I met my husband Ken while we were students at Hope College, and although he grew up in Holland, he didn’t know very much about his Dutch ancestry on his mother’s side. In the years since, we’ve learned that his family immigrated to Holland, Michigan in 1871. Here’s a picture of Ken’s grandfather, great-grandfather, and great-great-grandfather. (Evidently their wives were camera shy.)
When Ken and I decided to move back to Michigan two years ago, I began researching Holland’s history to see if it would make a good novel. I wasn’t disappointed! The first Dutch settlers arrived here in 1846 for religious freedom after suffering persecution and famine in the Netherlands. Since that’s been true of so many other immigrant peoples over the years, I knew the story would resonate with many readers. I was very surprised to learn how much hardship these early settlers suffered while founding this community. If nothing else, their story taught me not to take our religious freedom or the American Dream for granted.

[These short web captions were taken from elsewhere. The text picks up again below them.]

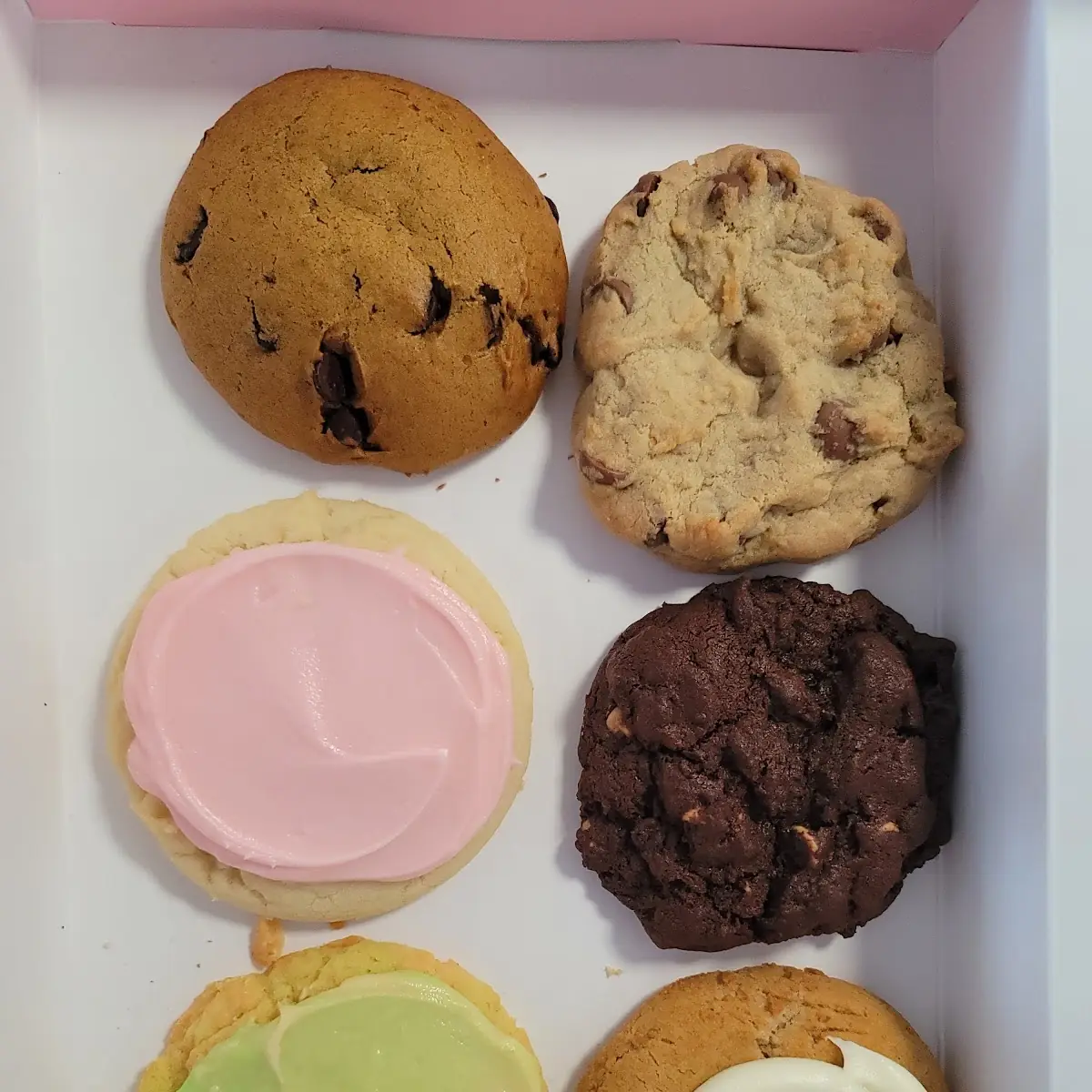 Cookies Sherbert Blueberry Cramcheesee Pumpkin Chocolate Chip
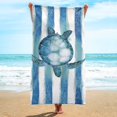 thumbnail image 4 of zanvin Beach Towel on clearance, Microfiber Beach Towel Super Lightweight Colorful Bath Towel Sandproof Beach Blanket Multi-Purpose Towel For Travel Swimming Pool 30x60 Inch, 4 of 6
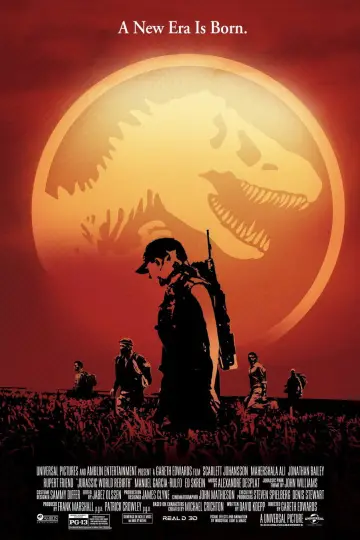Plakat do filmu "Jurassic World. Odrodzenie" #512338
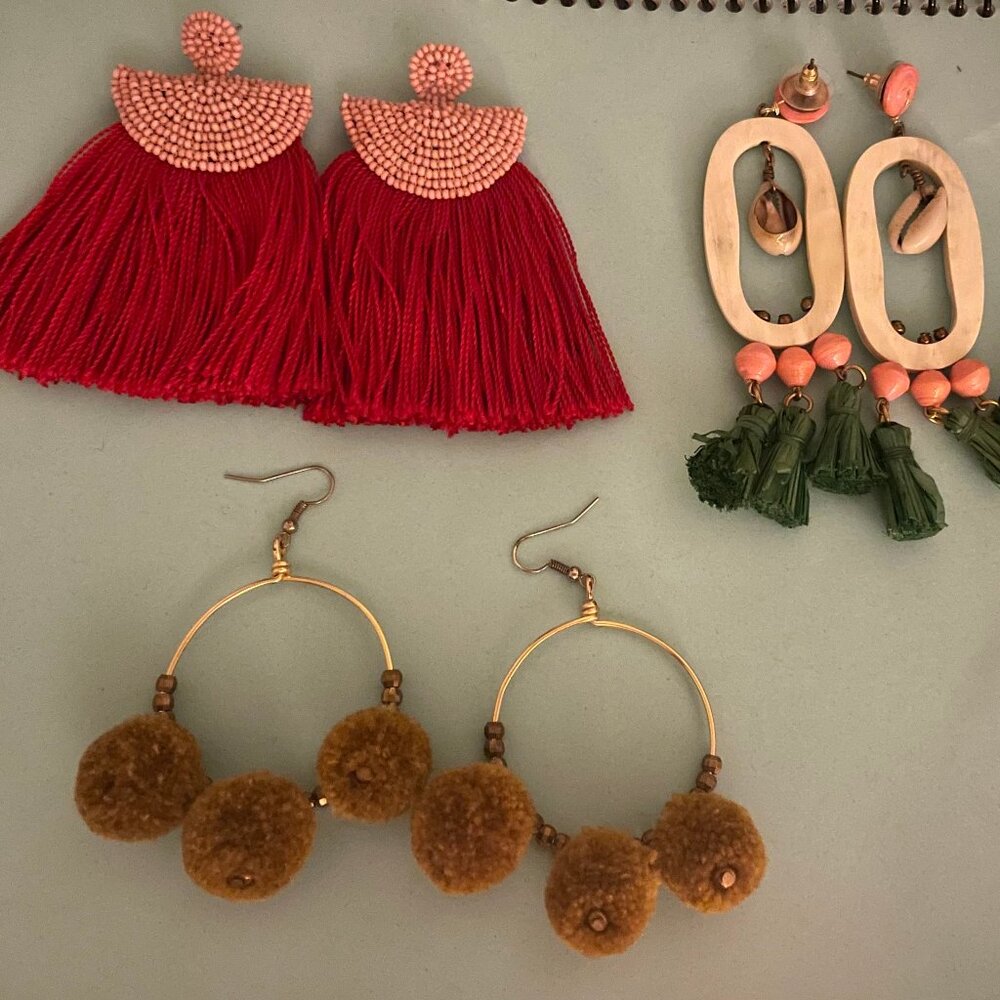 Noonday Earrings (set of 3 pairs)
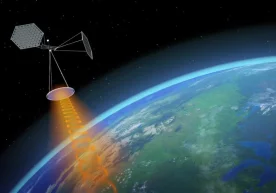 Хитой ҳукумати фазодан қуёш энергиясини олиш дастурини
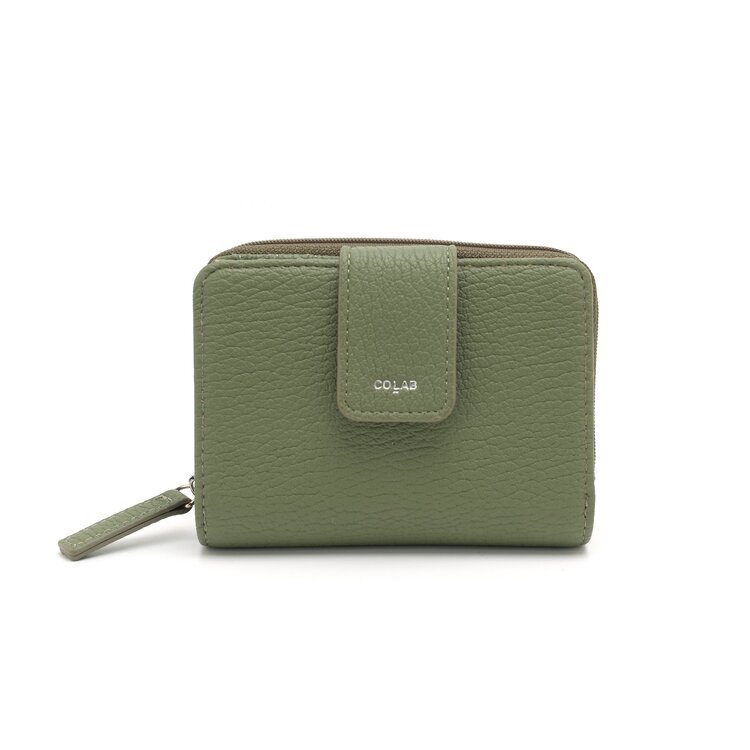 Co-Lab Co-Lab Lucie Small Wallet | Fennel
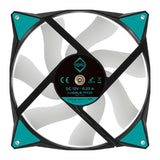 Ventilador Iceberg Thermal Icegale Argb - 140 Mm Argb Negro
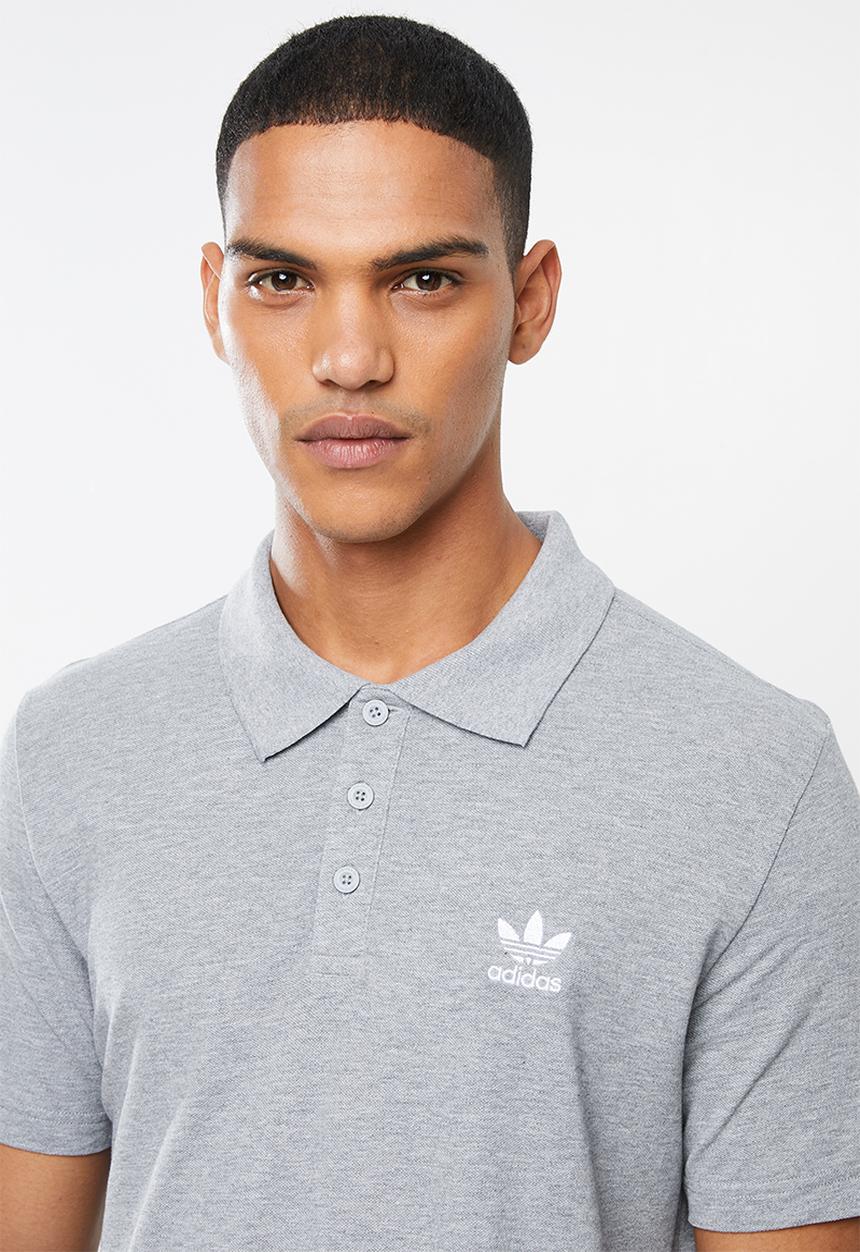 adidas Originals - Pique polo - grey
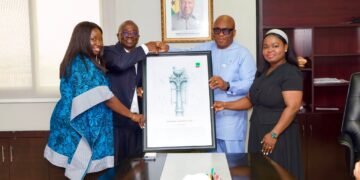 NHIA CEO receives Global Media Alliance delegation after World PR Day festival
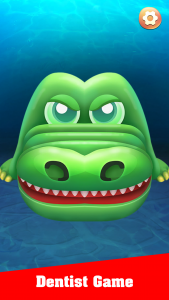 اسکرین شات برنامه Crocodile Roulette Pro 1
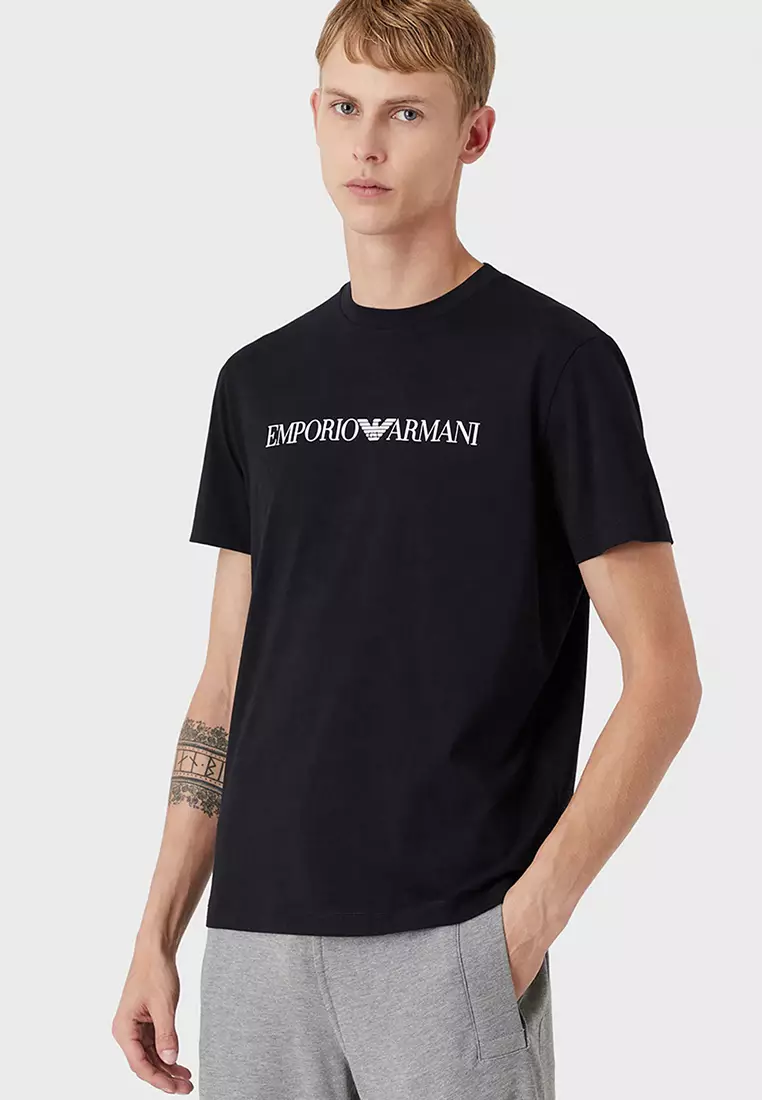 線上選購Emporio Armani Emporio Armani 男士短袖T恤8N1TN5 1JPZZ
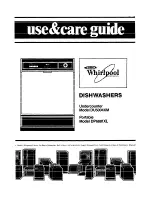 Whirlpool DP6881XL Use & Care Manual предпросмотр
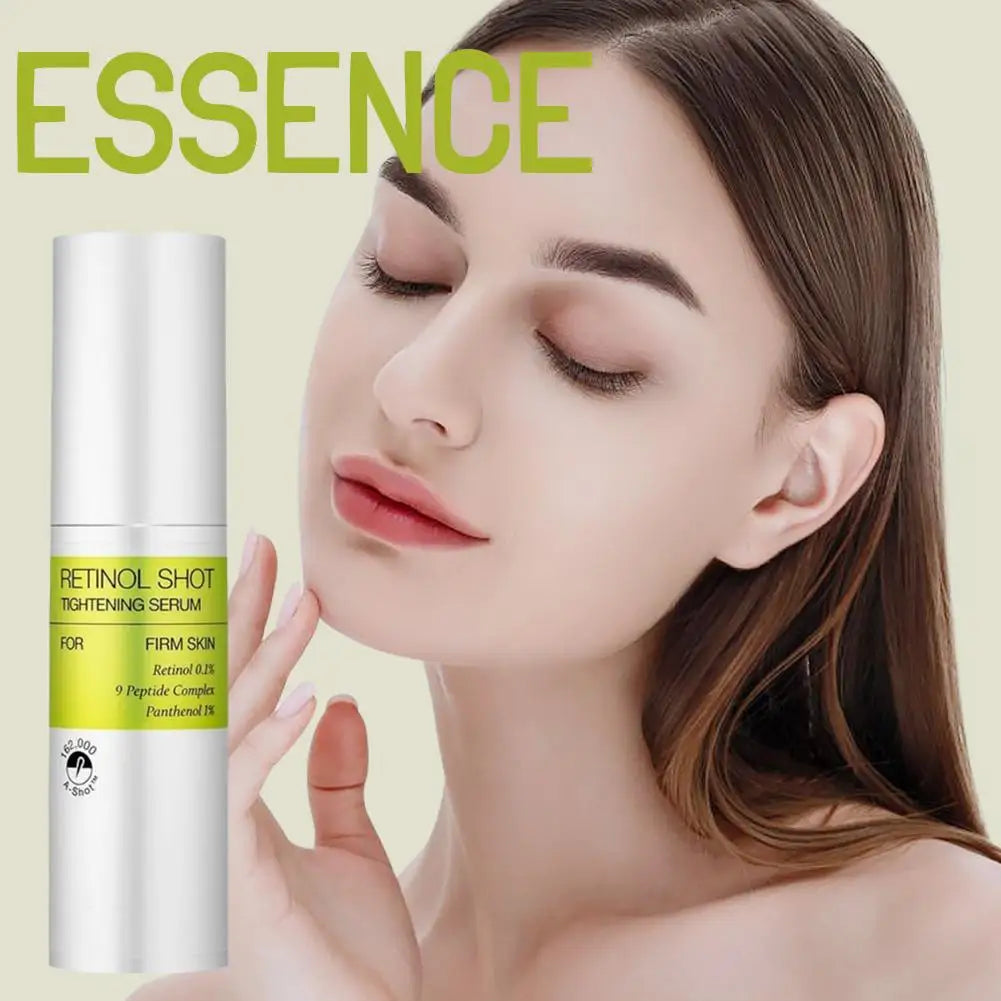 Retinol Shot Moisturizing Eye Essence Long-lasting Hydrating Serum Nourishing Firming Smoothing Natural Gentle Skin Care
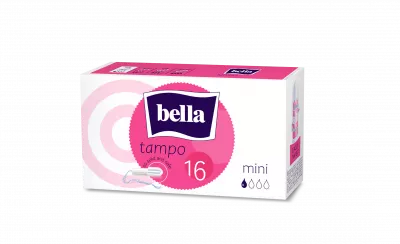 Bella Tampo Mini tampoane igienice 16 buc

The Dutch settlers chose this area—which was a virgin forest back then—because it was on the inland waterways of Black Lake and Lake Michigan. I was struck by the beauty of Lake Michigan’s beaches as a college student, and again whenever Ken and I visited his family in Holland. I learned that several resort hotels once perched on the shoreline in the late 1800s, bringing vacationers from Chicago by steamship. So I decided that the Hotel Ottawa Resort would also play a part in Waves of Mercy.
By the time I finished my research, I was very impressed by the commitment the Dutch community had to each other and to God. As I researched the many hardships the original settlers faced, I found it amazing that their faith in God never seemed to falter. And the settlers’ faith is still very strong and vibrant in Holland today, which has more than 70 churches in a population of 33,000—including this church, built by the first settlers in 1856.
I won’t give away any more of my story because I hate “spoilers.” But I hope you’ll enjoy Waves of Mercy when it’s finally released next month. Happy reading!